Beliau adalah sebagaimana judul di atas, persis, tidak lebih dan tidak kurang. Saya tidak mengetahui nama tambahannya. Setidaknya saya tidak mengetahui tentang data yang mencatat tentang nama kecil itu. Tapi saya merasa yakin bahwa beliau, sebagaimana para sufi yang lain, memiliki nama yang “lengkap.”
Beliau sebenarnya berasal dari Qashr bin Habirah, sebuah nama yang dinisbatkan kepada Abu al-Mutsanna ‘Umar bin Habirah Amir al-‘Iraq untuk Dinasti Bani Umayyah. Tapi beliau jelas tidak tinggal di tempat itu, namun menetap di Syiraz, Iran. Sebuah tempat yang dipandang baginya lebih nyaman.
Beliau sedemikian intim memasuki dunia hakikat, dunia keilahian, dunia yang tidak saja di permukaan sebagaimana yang dialami dan dirasakan oleh kebanyakan manusia, tapi dunia yang lebih banyak menawarkan segmen ketuhanan yang tidak bertepi. Sehingga mudah bagi beliau untuk menyaksikan “penduduk” dunia yang gaib.
Pada suatu hari, Syaikh Abu ‘Abdillah bin al-Khafif pernah menyatakan bahwa dia pernah diajak oleh Syaikh Abubakar al-Qashri: “Ayo kita berangkat menuju padang pasir.” Mereka berdua lalu berangkat menuju hamparan pasir yang luasnya tidak terkira-kira itu.
Di sana, di padang pasir yang begitu luas itu, Syaikh Abu ‘Abdillah bin al-Khafif menyaksikan orang-orang yang sedang bermain di bubungan sebuah rumah di pasar. Dia melihat Syaikh Abubakar al-Qashri menghampiri mereka dan sibuk bermain juga bersama mereka.
Syaikh Abu ‘Abdillah bin al-Khafif betul-betul merasa malu karena perbuatan Syaikh Abubakar al-Qashri itu. Bagaimana mungkin tidak, wong orang-orang yang ada di sana pada melihatnya. Sufi agung itu rasanya tidak mungkin untuk tidak mengetahuinya. Karena itu, beliau kemudian turun dari bubungan rumah.

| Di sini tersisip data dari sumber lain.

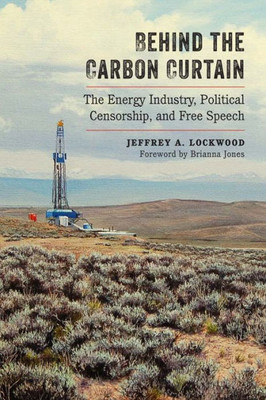 Behind The Carbon Curtain: The Energy Industry, Political Censorship, And Free Speech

Mereka berdua kemudian melanjutkan perjalanan sebentar. Syaikh Abu ‘Abdillah bin al-Khafif lalu melihat orang-orang bermain catur. Syaikh Abubakar al-Qashri mendekat kepada mereka, mengambil bidang catur dan merusaknya. Mereka menodongkan pisau-pisau kepadanya. “Sini pisau-pisau itu, akan kumakan,” kata sufi agung itu kepada mereka.
Mereka semua takut dan pasrah. Dengan perasaan takjub, Syaikh Abu ‘Abdillah bin al-Khafif bertanya kepada Syaikh Abubakar al-Qashri: “Pemandangan yang buruk tadi itu apa?” Yang ditanya, sufi agung itu, menjawab: “Itulah apa yang aku gapai dengan pandangan ladunni.” Yaitu, pandangan yang melampaui keterbatasan seluruh pandangan manusia, pandangan yang menghablur langsung dari Allah Ta’ala.

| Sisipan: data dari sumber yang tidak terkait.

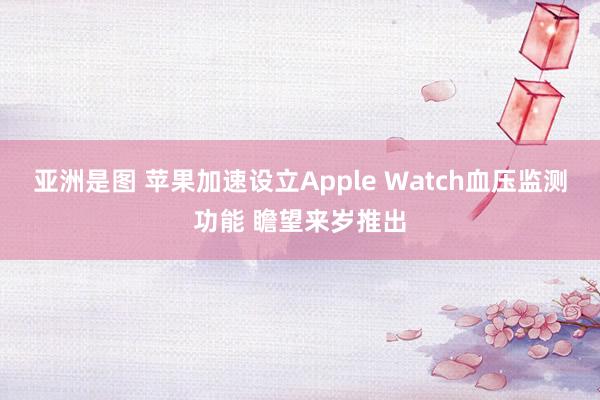 亚洲是图 苹果加速设立Apple Watch血压监测功能 瞻望来岁推出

Apa yang bisa kita petik dari kisah-kisah tersebut? Di balik kehidupan nyata sebagaimana yang kita alami ada model kehidupan yang lain lagi yang tidak bisa kita gapai. Pandangan kita adalah keterbatasan yang sangat ringkih yang jelas sama sekali tidak bisa diandalkan. Sebuah pandangan yang menunjukkan kepada kita kelas rohani diri kita masing-masing.
Betapa kehidupan ini sesungguhnya sangat dalam, jauh lebih dalam dibandingkan samudra mana pun di dunia ini. Sedalam-dalam samudra itu masih ada batasnya, ada dasarnya. Tapi kehidupan ini di manakah batasnya? Ketika kehidupan ini dikonotasikan pada hidup para wali yang khariq al-‘adah, yang tidak bisa sepenuhnya kita pahami, oh betapa sangat dalamnya kehidupan ini. Wallahu a’lamu bish-shawab.